--- Data in this exercise Enclosed Below ---

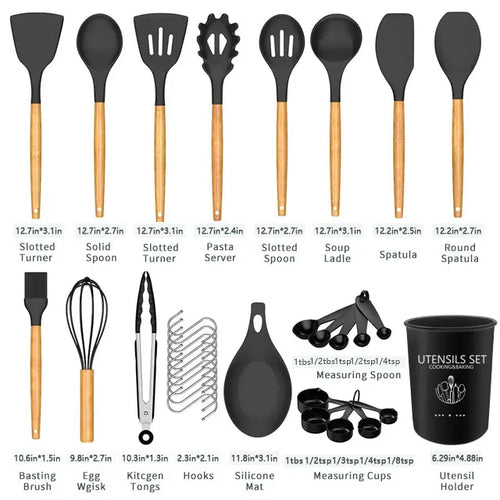 24-Piece Silicone Kitchen Utensil Set with Wooden Handles Wholesale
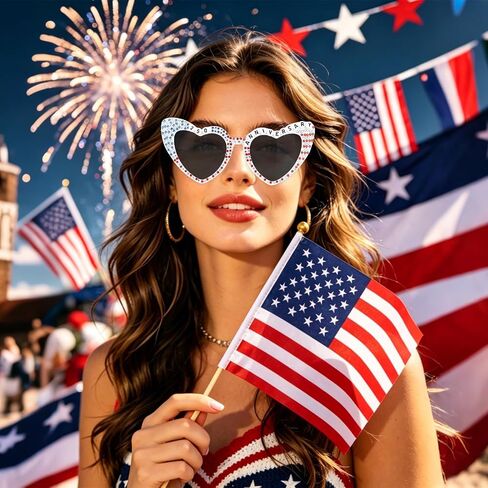 Jaciya 250th Anniversary Heart Sunglasses Patriotic Red White Blue Star Rhinestone Party Decorations 4th of July Eyeglasses in Saudi Arabia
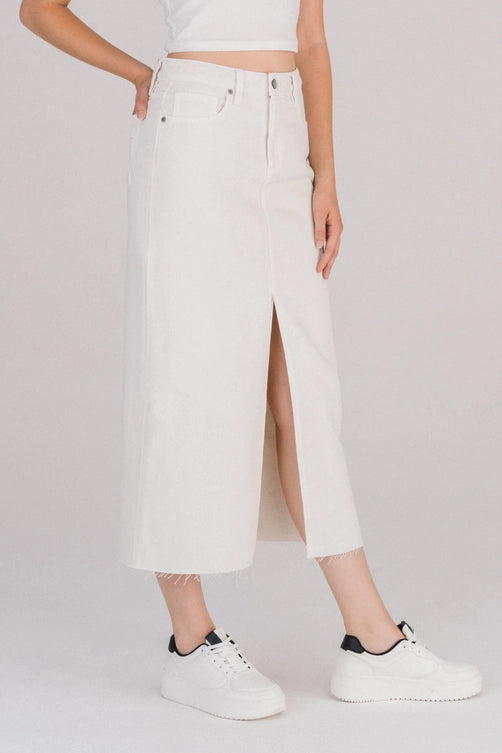 Jayden P Boutique - Hidden Jeans Peyton High Waist Midi Skirt - X-Small / White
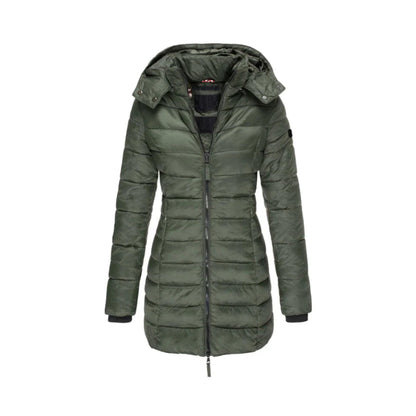 Langer Wintermantel Damen Elegant Polyester mit Abnehmbarem Kragen-4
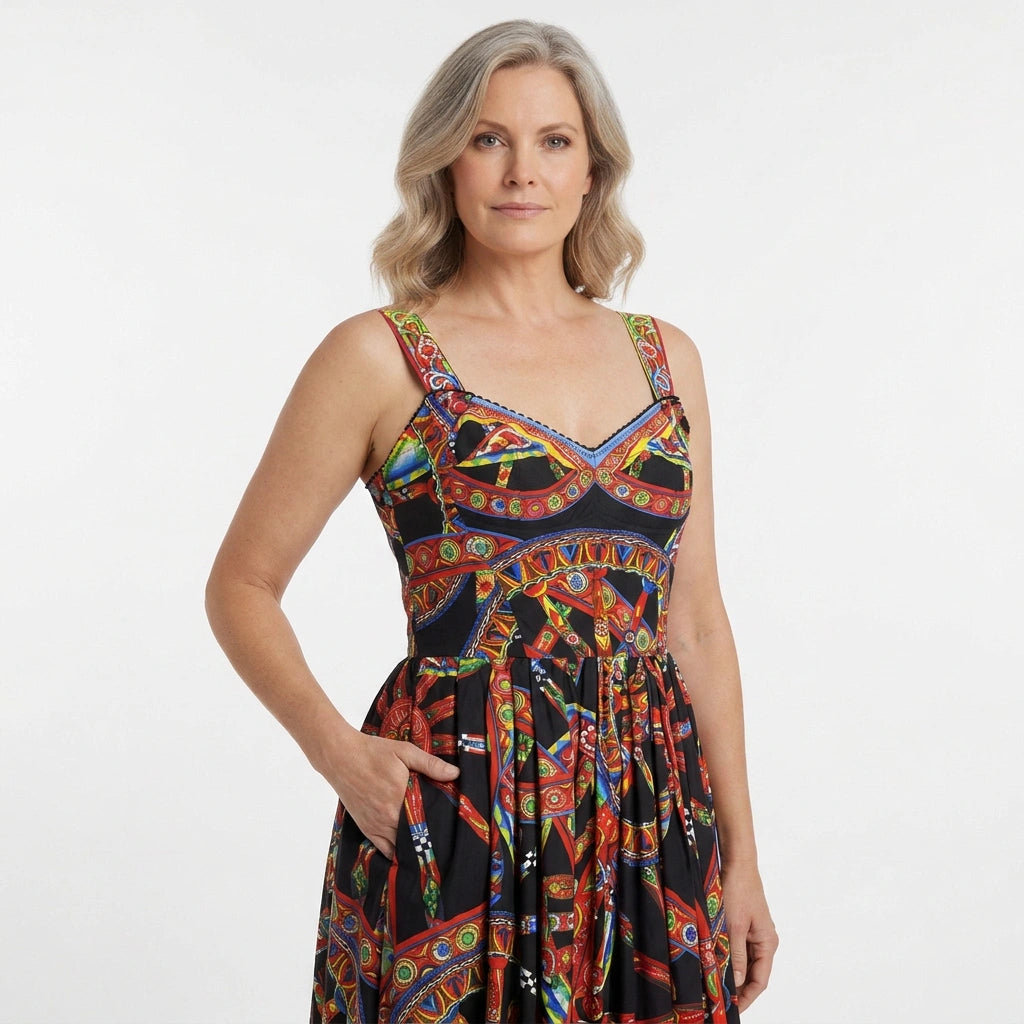 Vestido bustier largo de algodón con estampado de leopardo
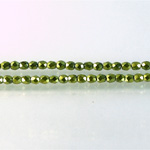 Czech Glass Pearl Faceted Fire Polish Bead - Round 03MM LIME ON BLACK 72183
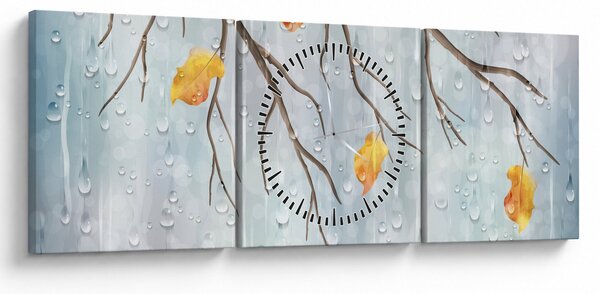 Obraz - Daždivý jeseň (s hodinami) (90x30 cm)
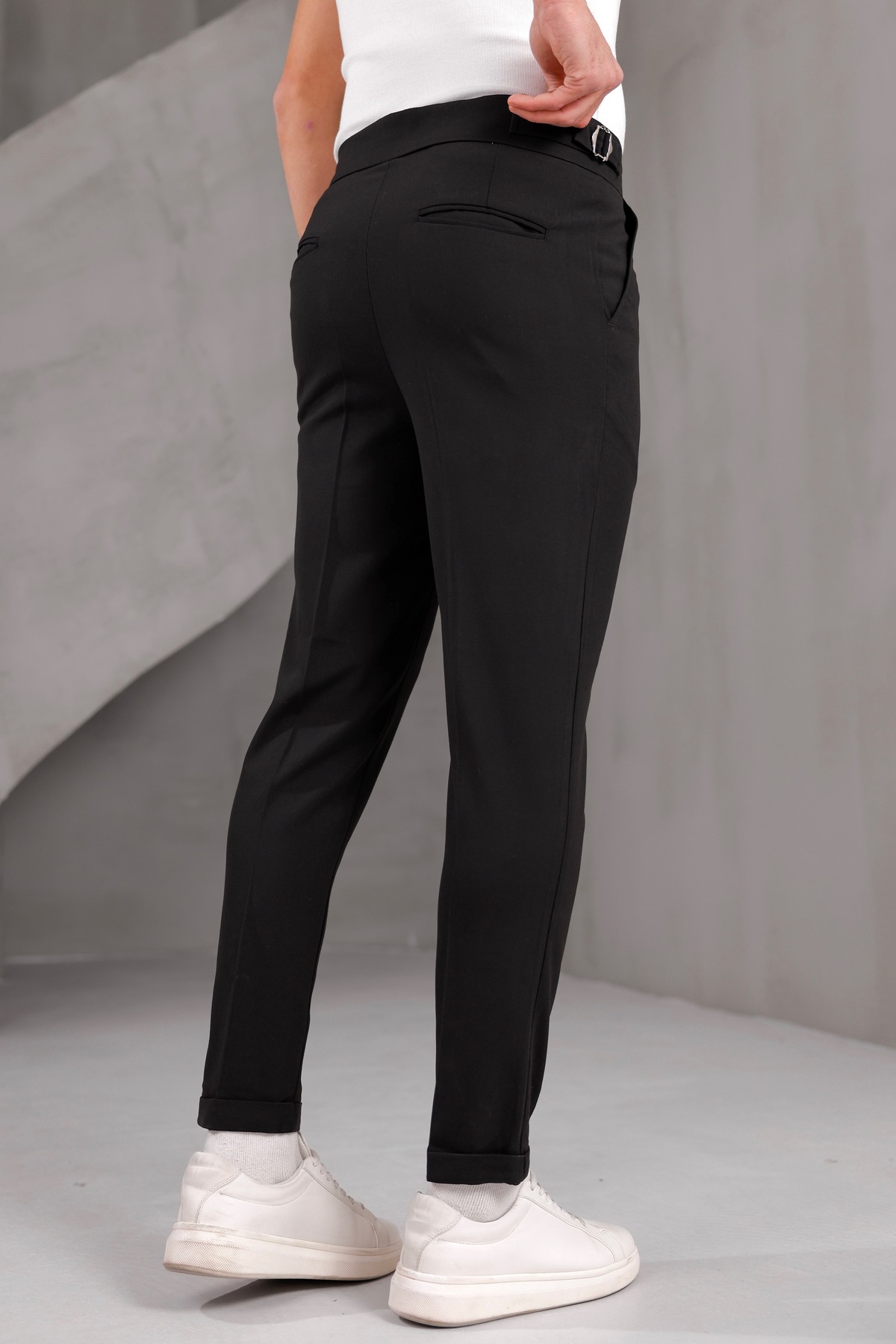 Gussi  Siyah Old Money Pileli Likralı Kumaş Pantolon - Görsel 7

--- End of Enclosed Data in this exercise ---

Prompt ▸ The records above need to be given again exactly. Omit the pictures.

Your response ▸
 24-Piece Silicone Kitchen Utensil Set with Wooden Handles Wholesale
 Jaciya 250th Anniversary Heart Sunglasses Patriotic Red White Blue Star Rhinestone Party Decorations 4th of July Eyeglasses in Saudi Arabia
 Jayden P Boutique - Hidden Jeans Peyton High Waist Midi Skirt - X-Small / White
 Langer Wintermantel Damen Elegant Polyester mit Abnehmbarem Kragen-4
 Vestido bustier largo de algodón con estampado de leopardo
 Czech Glass Pearl Faceted Fire Polish Bead - Round 03MM LIME ON BLACK 72183
 Obraz - Daždivý jeseň (s hodinami) (90x30 cm)
 Gussi  Siyah Old Money Pileli Likralı Kumaş Pantolon - Görsel 7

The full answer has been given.